Cache cache cache, turns into cash cash cash…
At least that’s the general theory and in most instances, it seems to be right. For cryptonight coins, 2MB of fast memory is needed per thread. Depending on the CPU architecture, this could be L2, L3 or even L4 cache. In my short journey into the world of crypto mining, I haven’t found this to always be the case. While I don’t have any screen shots and the numbers I will talk about have to come from my beleaguered memory, they are close enough to get the point across.
Where it all started
The first system I got that was dedicated for mining was an HP Proliant DL580G7 with X7542 processors. I bought it because others said they were mining with it and since I like to be a dense blockhead, I figured dual and quad cpus systems were the way to go if I could GPU mine with them as well. I didn’t realize then that AES instructions weren’t in every Xeon chip so I had no idea that the server I just bought had garbage performance when it came to CPU mining. This thing would JUST touch 400H/s at like 580W on the X7542s… LOL So after some more reading and seeing a post by someone else, I ended up with a set of four E7-8837 processors for $35 shipped. While not hyper threaded, these 8 core CPUs have 24MB of L3 cache and will actually yield 1650-1700H/s at roughly the same power consumption as the X7542s. For $35? Hell yeah!
More is better right?
So everyone on the Interwebs, forums, and this new fangled thing called Reddit and Discord (Can we just go back to AIM and mIRC?) state that optimum performance is basically derived by fast on die memory divided by 2. This should mean that more L2/L3 cache the better right? Well, maybe not so much. I spent a lot of time poking around Intel’s Ark site to figure out what would work with the bulk purchase of server equipment that I picked up at government auction. For the HP DL580G7 boxes, the king of the heap for the socket 1567 appears to be the E7-4870 processor. This 2.4GHz 10 core monster packs a whopping 30MB of L3 cache and it is hyper threaded. When you compare it to the E7-8837’s that are 2.6GHz, 8 core and 24MB of L3 cache, you would expect it to pretty much put up 20-25% higher numbers. You know that trumpet sound that plays when someone fails? That’s what the E7-4870 has gotten in every single test I have tried.
How it went down
I started scouring my favorite place to cop tech deals, good ol faithful, Ebay. I missed out on a couple of auctions for this mystical beast of a processor which in the long run probably was for the best. I ended up finding some guy trying to sell a big lot of CPUs including 12 of the 4870s. I negotiated to take them all for $420 shipped since by this point I already had two DL580 G7s running with plans for more. When they finally came in I was oh so super excited. I rushed to power down the one box (that also had four GPUs in it by now) so that I could pull the processory / memory cassette and swap in this 30MB goodness. I mean with 30MB of L3 cache and four processors, this should be 60 threads at like 35-38H/s which would have totaled 2100 to 2300H/s! Yes it sucks down more juice than a Vega frontier but it would cost me less than $500 per box and I’d have a bunch of extra stuff like PSUs for GPUS that I wouldn’t have to buy.

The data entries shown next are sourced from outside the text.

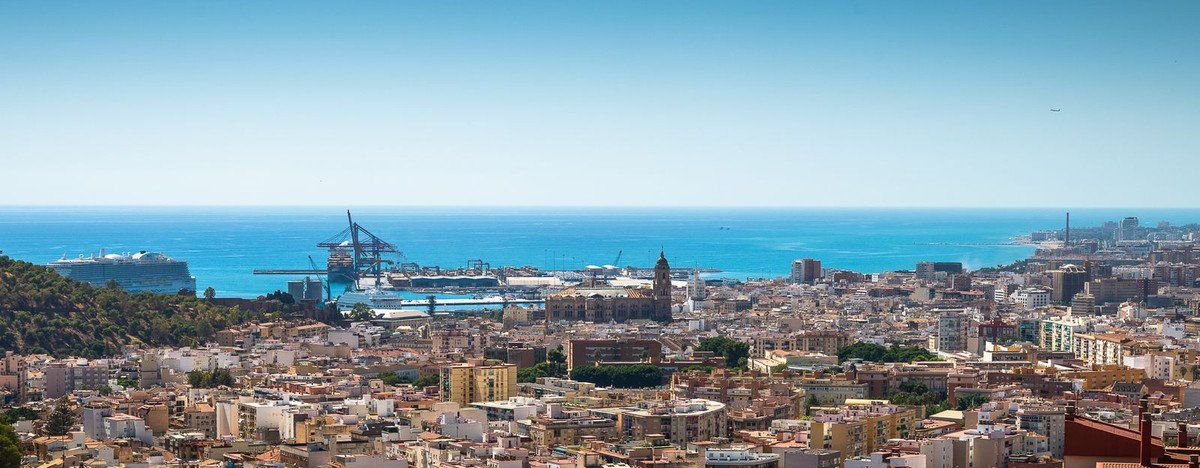 2 Bed Top Floor Apartment in Capuchinos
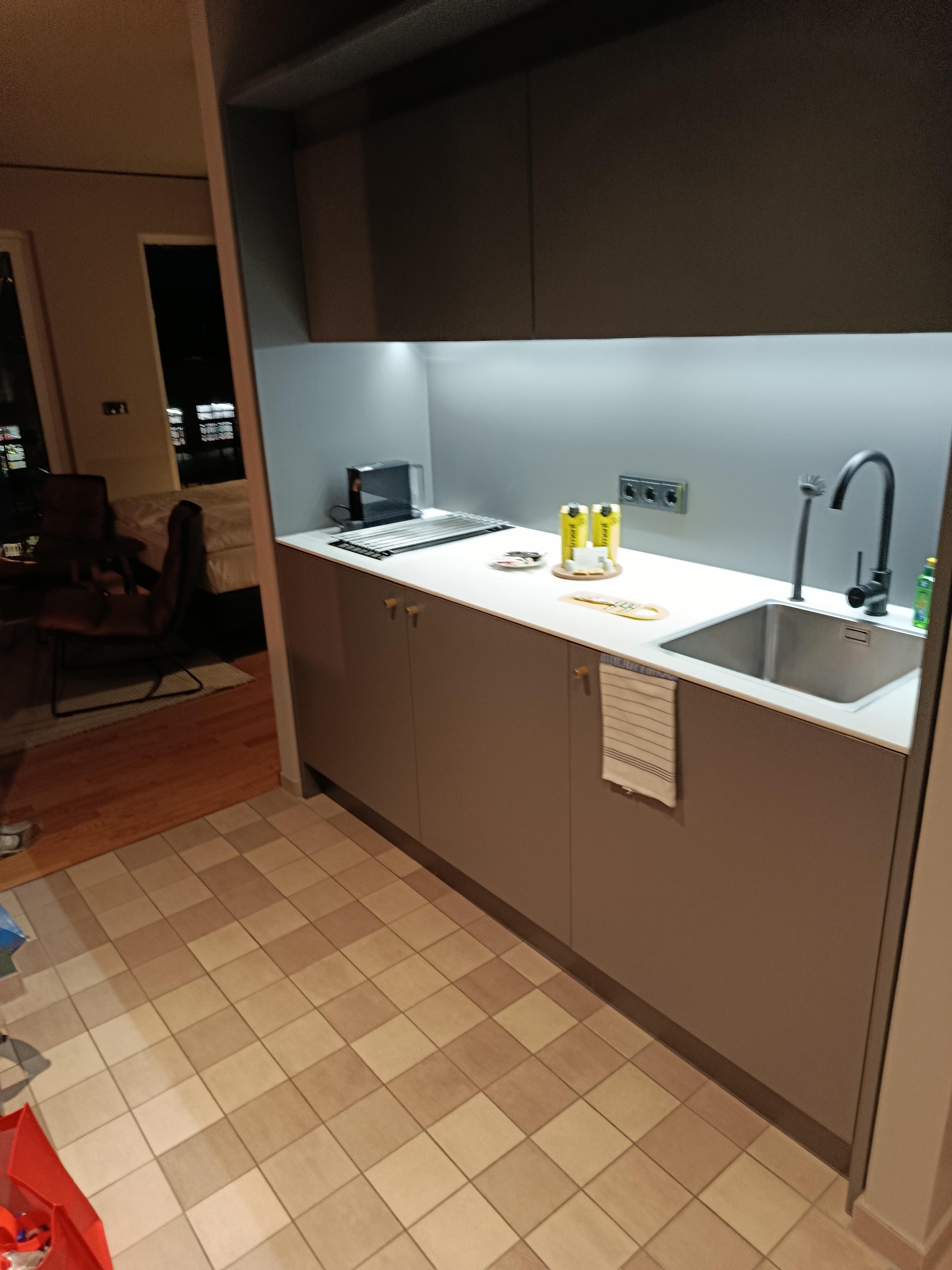 Alles was man braucht war da ,außer kleine Schnaps Gläser.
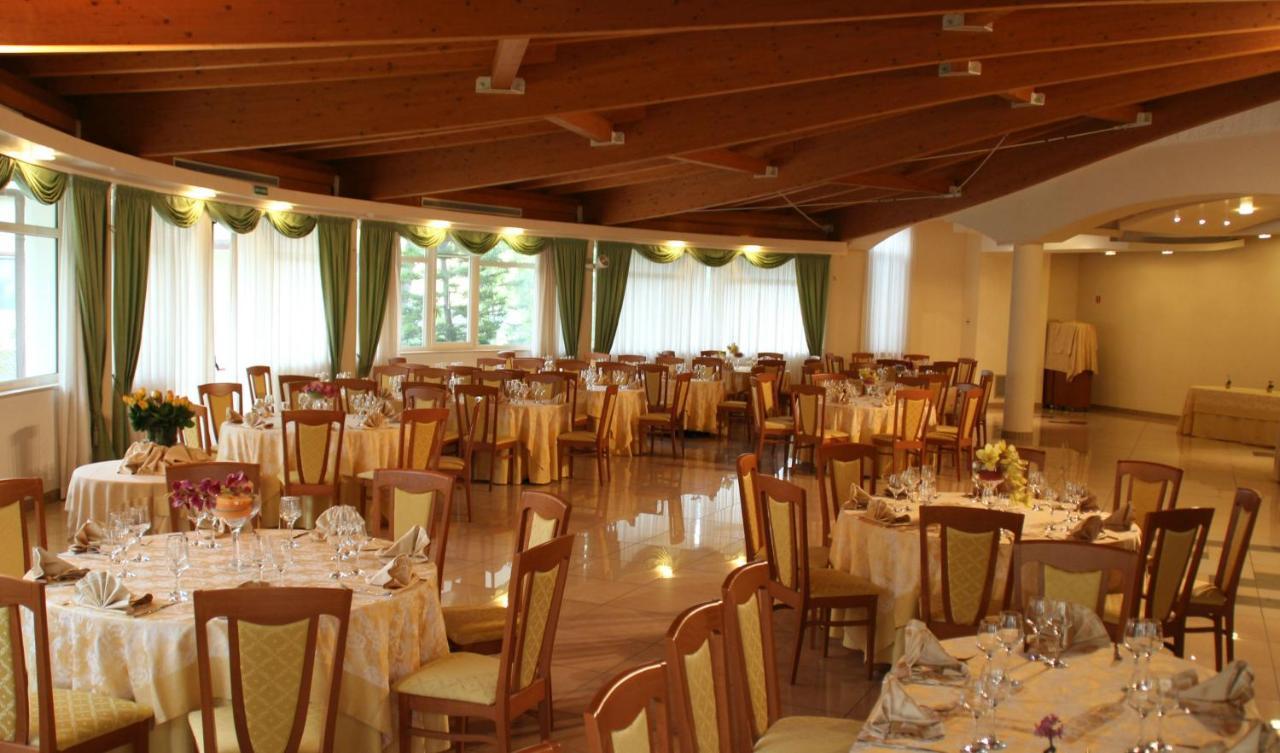 Hotel Mille Pini Marina di Ginosa Eksteriør bilde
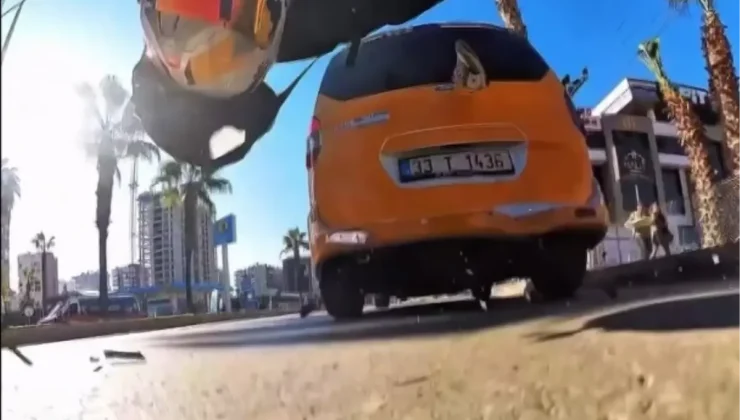 Motosikletin taksiye çarptığı kaza, kask kamerasında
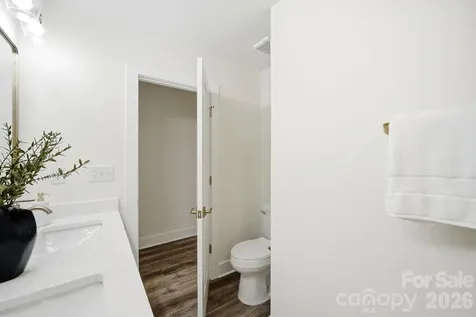 1731 Deer Street Charlotte NC 28214
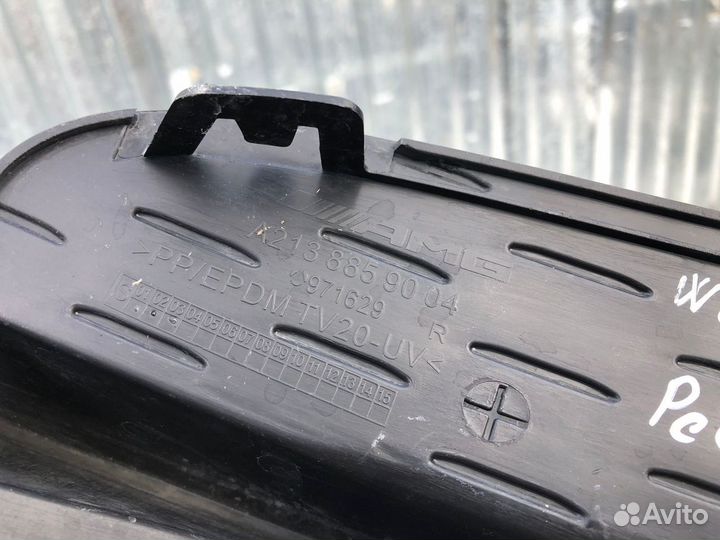 Mercedes W213 20- AMG Решетка бампера правая 1720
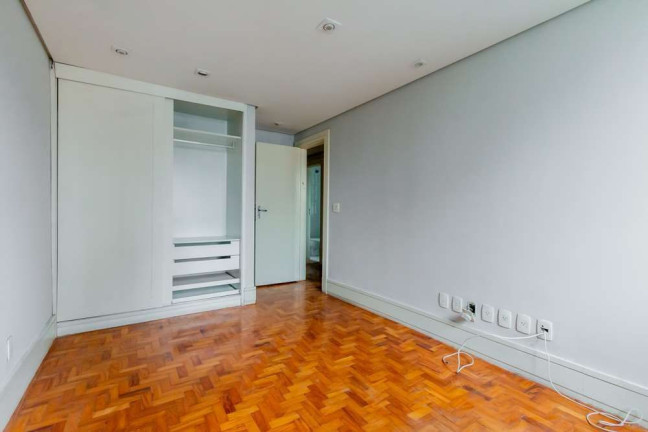 Imagem Apartamento com 3 Quartos à Venda, 135 m² em Cerqueira César - São Paulo Imagem Apartamento com 3 Quartos à Venda, 135 m² em Cerqueira César - São Paulo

In five minutes I had the cassette out, the heat sinks off, the new chips in and greased up and I was pushing the power button. Now, if you have never used any of the HP server iron like the Proliant DL580 G7s, you wouldn’t know that these things take FOREVER to boot. Before the system BIOS ever comes up, there is a whole subset of routines that fire up for remote management and control. Well, after 15 minutes, I finally gave up hope that the server was going to come up. I tried the memory swap game, the take out some cpus game, reset the nvram, you know, all the regular troubleshooting things you would do when a box won’t boot. Finally, I decided that the box probably needed a firmware update so I threw the 8837’s back in because mind you, 2 hours have now passed and 4 GPU’s haven’t been working.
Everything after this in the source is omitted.